I gruppi Facebook sono sommersi di stereotipi, i thailandesi che sorridono, i bambini felici con niente e via dicendo, senza dimenticare che il livello organizzativo delle domande è spesso “ho due giorni dove vado?”.  Emerge da questi gruppi, qui la connessione con gli expat, anche un velato razzismo per le popolazioni locali considerate dei poveretti rimasti indietro sulla via del progresso, con un cortocircuito per cui si va a cercare il non turistico per poi lamentarsi degli standard non adeguati. Eppure basta digitare la domanda del titolo in qualunque motore di ricerca per essere sommersi da risposte del tipo “viaggiare fa bene e rende migliori!”

Di particolare interesse, il fatto che la maggior parte dei siti che affrontano il tema del viaggio come miglioramento della propria vita sia a tema psicologico, con o senza vendita di consulenze. Quasi come essere felici viaggiando, ovviamente con annessa crescita spirituale, debba essere la norma e provare paure o insoddisfazioni sia qualcosa da correggere assolutamente. Questo fa riflettere su come il mondo in cui viviamo abbia di fatto rimosso il negativo, un palese contrasto tra la vita di ogni giorno sempre più complicata ed il pensiero che debba essere invece sempre più facile e felice. Ed ecco allora un altro cortocircuito.

Se viaggiare rende migliori come si spiega quanto sopra? Come possibile soprattutto che ci siano persone che si comportano a New York come a Kinshasa, a Parigi come a Hotan? Questo è dovuto al fatto che il rapporto con il viaggio si inserisce in un contesto di mutamento sociale, quasi antropologico.

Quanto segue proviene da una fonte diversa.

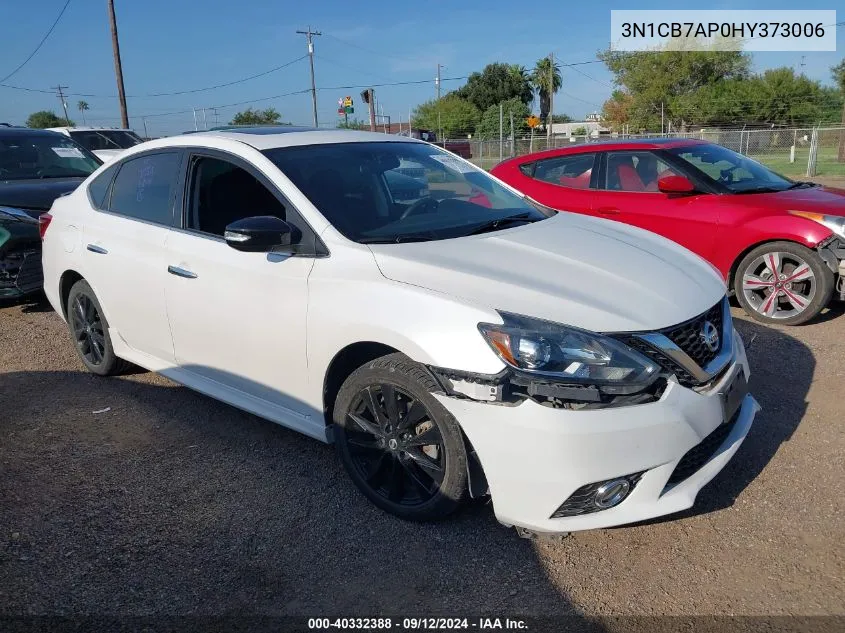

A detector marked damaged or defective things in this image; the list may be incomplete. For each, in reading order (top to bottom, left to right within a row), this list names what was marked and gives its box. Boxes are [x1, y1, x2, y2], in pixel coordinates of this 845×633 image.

black damaged vehicle [1, 126, 100, 302]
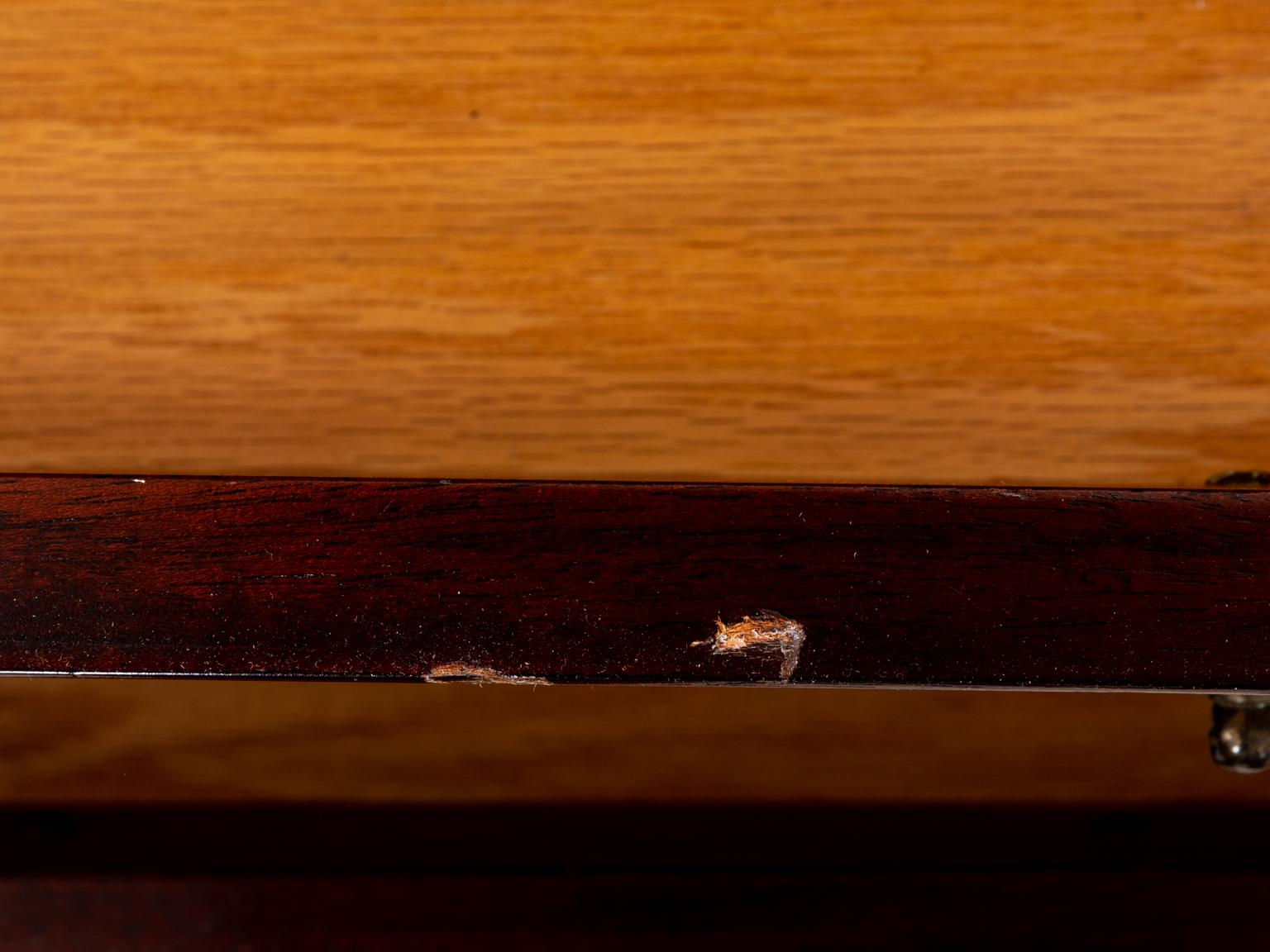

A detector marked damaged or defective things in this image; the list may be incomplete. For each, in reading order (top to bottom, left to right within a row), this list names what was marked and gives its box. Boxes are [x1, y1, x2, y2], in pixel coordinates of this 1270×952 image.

splintered wood damage [427, 664, 546, 685]
splintered wood damage [695, 614, 802, 680]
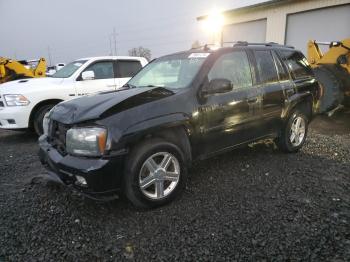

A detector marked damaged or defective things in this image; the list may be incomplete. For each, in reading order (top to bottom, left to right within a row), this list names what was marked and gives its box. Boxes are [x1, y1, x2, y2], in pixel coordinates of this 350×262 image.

crumpled front hood [0, 77, 64, 93]
crumpled front hood [49, 87, 175, 125]
damaged black suv [39, 42, 320, 207]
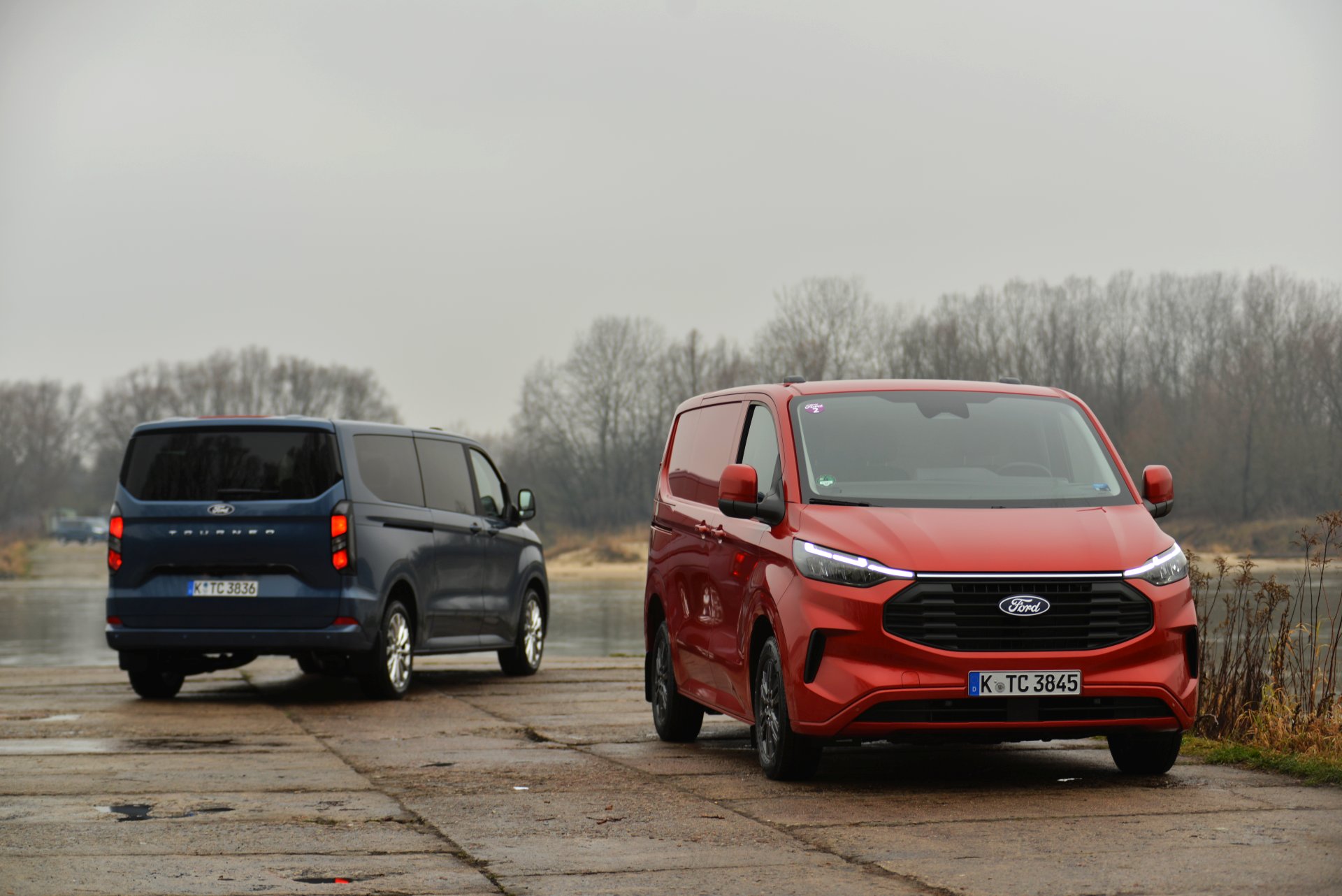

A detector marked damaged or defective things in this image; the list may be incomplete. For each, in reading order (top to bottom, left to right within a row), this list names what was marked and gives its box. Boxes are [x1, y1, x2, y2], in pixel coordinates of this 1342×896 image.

cracked concrete surface [2, 651, 1342, 896]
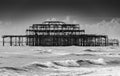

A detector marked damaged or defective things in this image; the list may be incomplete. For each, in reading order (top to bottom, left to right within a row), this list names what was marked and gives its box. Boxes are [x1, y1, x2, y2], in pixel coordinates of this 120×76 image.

rusted metal framework [2, 20, 110, 46]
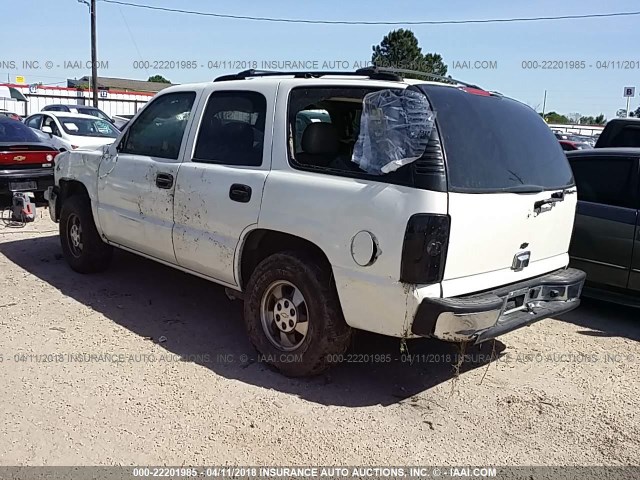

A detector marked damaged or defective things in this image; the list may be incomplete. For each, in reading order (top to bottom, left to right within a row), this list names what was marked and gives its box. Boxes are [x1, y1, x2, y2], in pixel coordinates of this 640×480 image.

damaged rear bumper [412, 268, 588, 344]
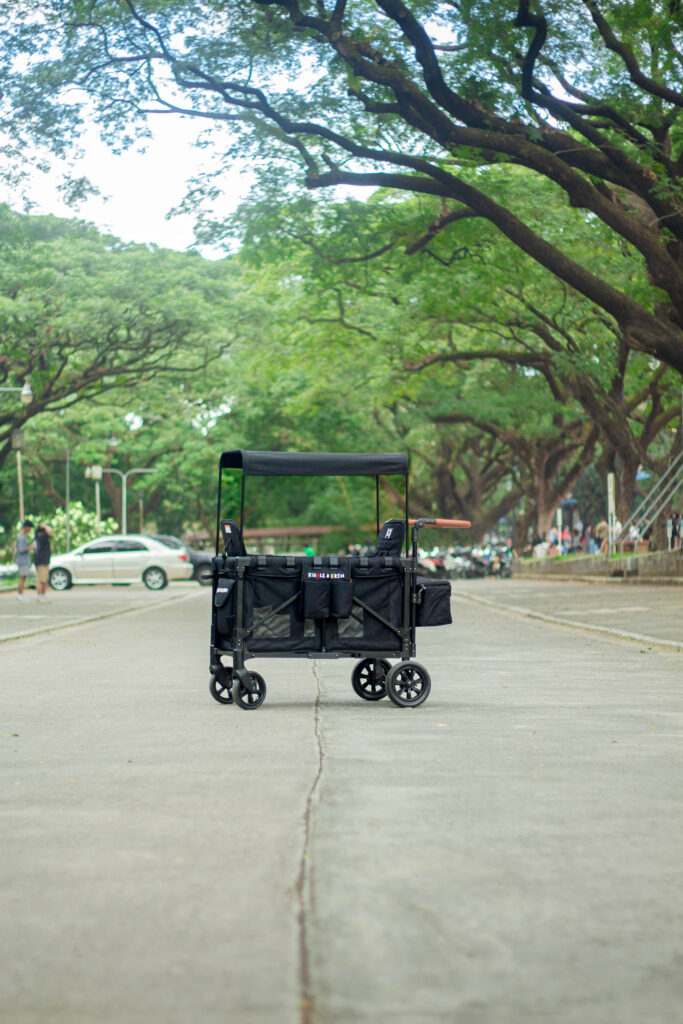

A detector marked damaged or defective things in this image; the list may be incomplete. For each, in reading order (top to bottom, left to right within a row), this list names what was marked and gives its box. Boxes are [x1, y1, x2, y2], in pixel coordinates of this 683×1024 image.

crack in pavement [294, 663, 325, 1024]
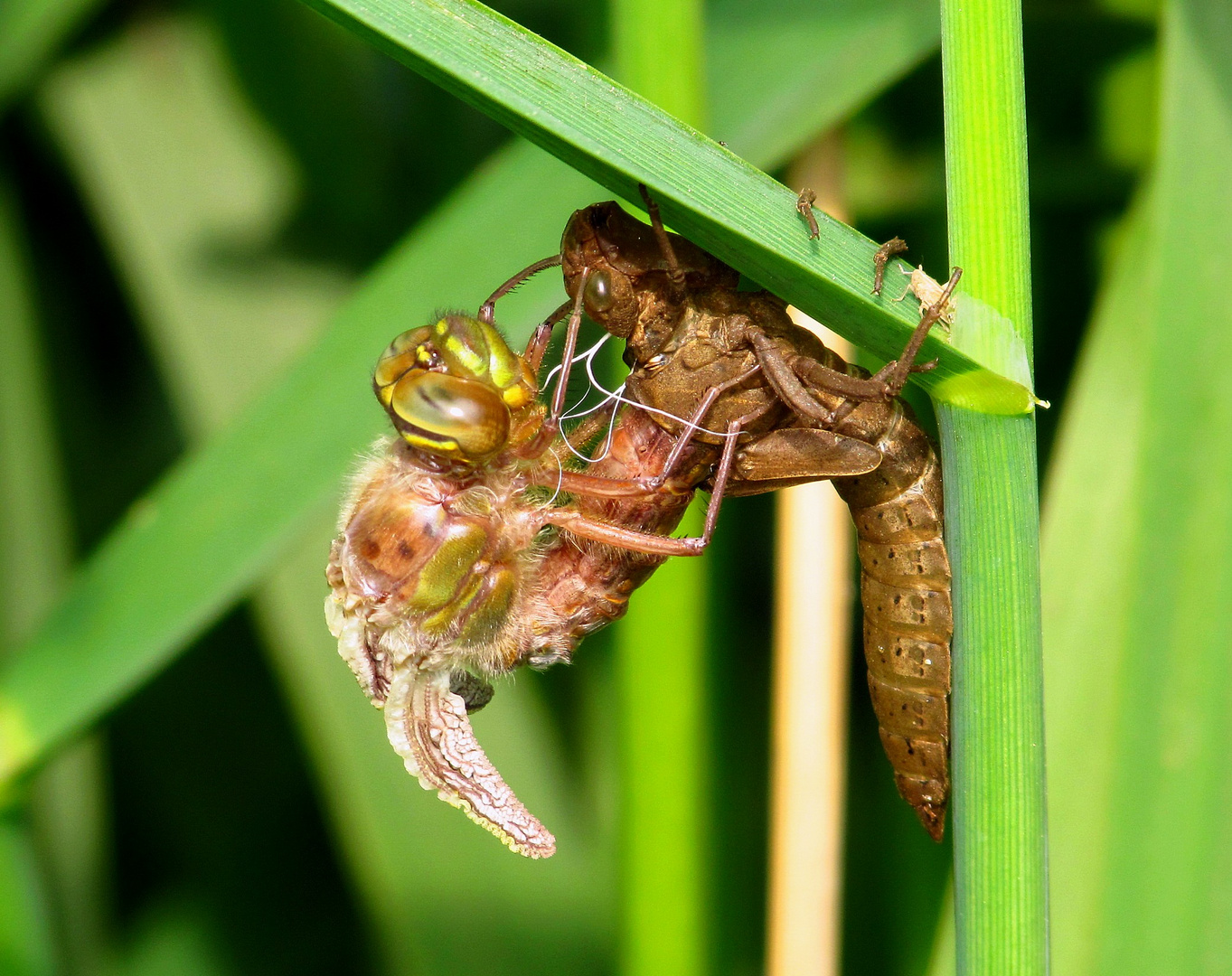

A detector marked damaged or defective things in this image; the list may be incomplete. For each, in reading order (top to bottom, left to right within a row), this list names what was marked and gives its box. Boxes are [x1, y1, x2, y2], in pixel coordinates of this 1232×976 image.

crumpled wing [383, 669, 557, 857]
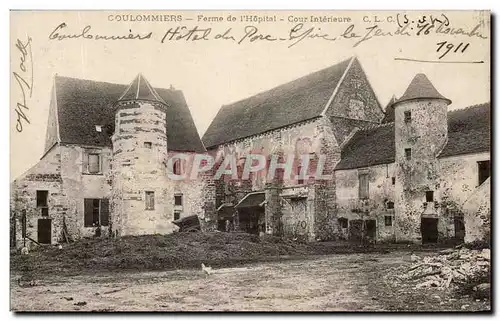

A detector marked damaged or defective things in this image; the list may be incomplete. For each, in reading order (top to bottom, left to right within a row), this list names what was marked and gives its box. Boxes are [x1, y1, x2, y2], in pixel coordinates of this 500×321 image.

damaged masonry [9, 56, 490, 248]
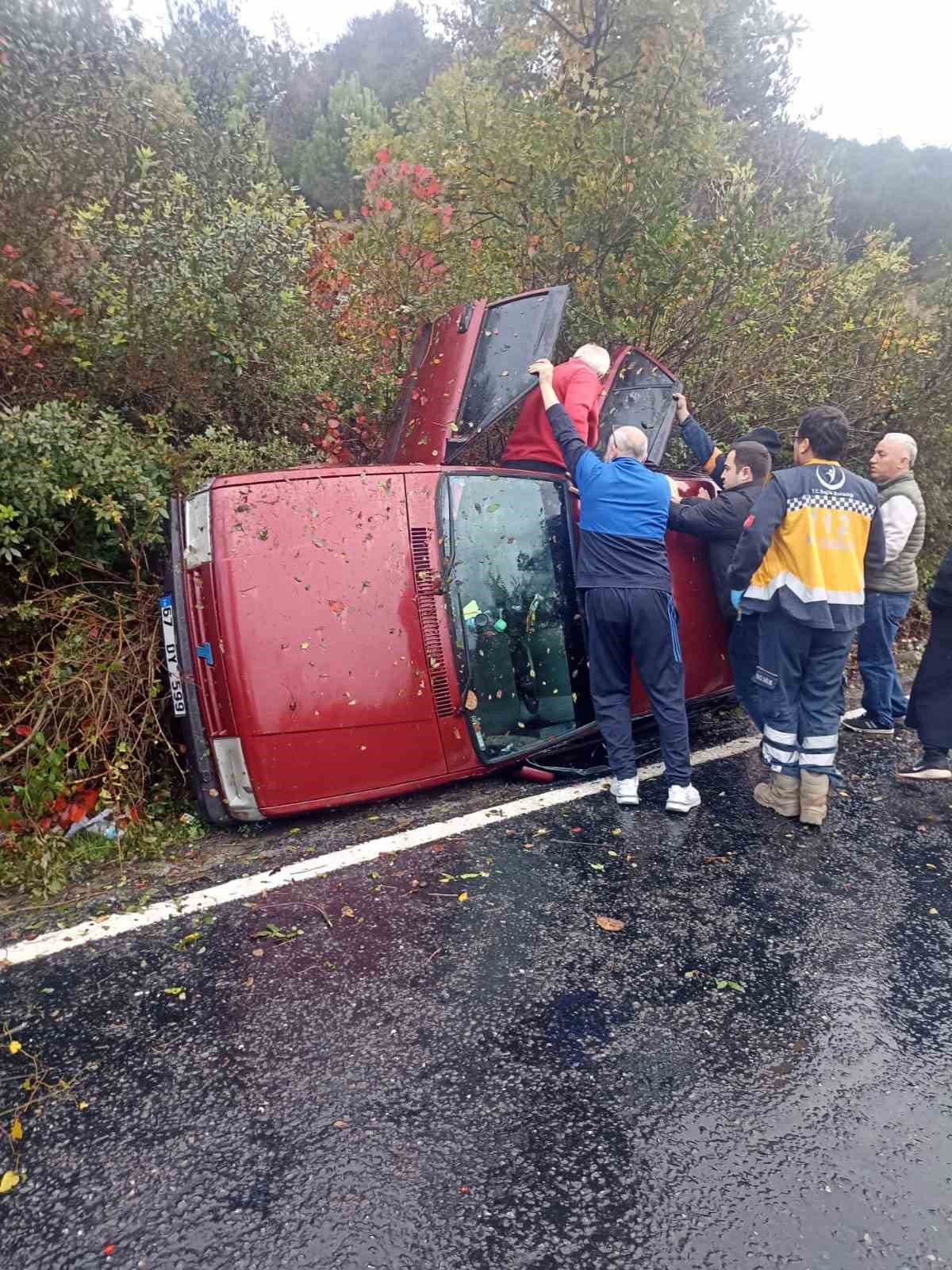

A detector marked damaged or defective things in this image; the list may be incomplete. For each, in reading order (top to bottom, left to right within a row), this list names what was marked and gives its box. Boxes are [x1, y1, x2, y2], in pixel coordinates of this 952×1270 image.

overturned red car [166, 287, 731, 822]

È diventato infatti un oggetto di consumo da sfoggiare, un diritto individuale preteso, “fatemi viaggiare non importa dove ma fatemi viaggiare”. L’atto stesso del viaggiare, Leed direbbe il transito, ha assunto una rilevanza talmente forte da quasi cancellare l’obiettivo finale del viaggio, ossia la meta verso cui siamo diretti.

Nel transito il viaggiatore è infatti in una sorta di terra di nessuno – titolo di un celebre libro dello stesso Leed dedicato all’identità personale in guerra –  non ha veramente lasciato ciò da cui proviene ma non ha nemmeno fatto i conti con lo sconosciuto, con l’arrivo che obbliga a mettersi in gioco per adattarsi ad una realtà nuova. Una messa in discussione che oggi spaventa, viviamo in un tempo dove di certezze c’è dannatamente bisogno e le trasformazioni fanno paura. Se aggiungiamo l’esibizionismo da social ecco un vero e proprio gioco di specchi, per cui il viaggio diventa uno spostamento che non sposta proprio nulla.

Uno dei vecchi trucchi dei viaggiatori è non raccontare il negativo, poche le eccezioni tra cui va segnalata quella di Manganelli con le sue lamentele dallo stile unico. Esporre i problemi avuti in viaggio è come confessare i filtri su Instagram, un pericoloso scendere dal piedistallo che potrebbe minare l’autostima. Da sempre il viaggiatore racconta, ma il racconto non è sempre verità perché ogni racconto ha un pubblico che vuole essere affascinato. Il problema è la mancanza di consapevolezza, la confusione tra verità e finzione; senza consapevolezza molto probabilmente autori come Claudio Magris avrebbero fatto un altro lavoro.

I viaggi, tra l’altro, provocano profondi ed ingenti danni: ambientali, gli spostamenti incidono pesantemente nell’inquinamento del pianeta; sociali, creano profonde diseguaglianze tra chi sa approfittare del turismo e chi no; culturali, devastano lo stile di vita locale dando una falsa illusione di ricchezza a cui tendere. Tutti aspetti sempre più al centro di studi e ricerche in vari settori, dall’economia all’ecologia. Molto probabilmente uno stop ai viaggi farebbe bene al pianeta, ma questo è presumibilmente impossibile nonostante la pandemia ci abbia mostrato come per la natura avere gli umani fermi non sia niente male.

Quindi viaggiare fa male? Personalmente credo il viaggio sia uno strumento e, come tutti gli strumenti, dipende da come lo si usa. La questione del viaggio va inserita in un contesto più ampio, di critica al sistema stesso in cui stiamo vivendo che, esattamente come rischia di fare il turismo, crea profonde disparità ma soprattutto spinge verso l’omologazione e la mancanza di pensiero autonomo. Non si può ripensare il viaggio senza tornare ad una vera cultura dell’incontro con l’altro, che non significa visitare lo zoo degli arretrati. Viaggiare può davvero fare bene, ma bisogna accettare il rischio di mettersi in gioco sul serio.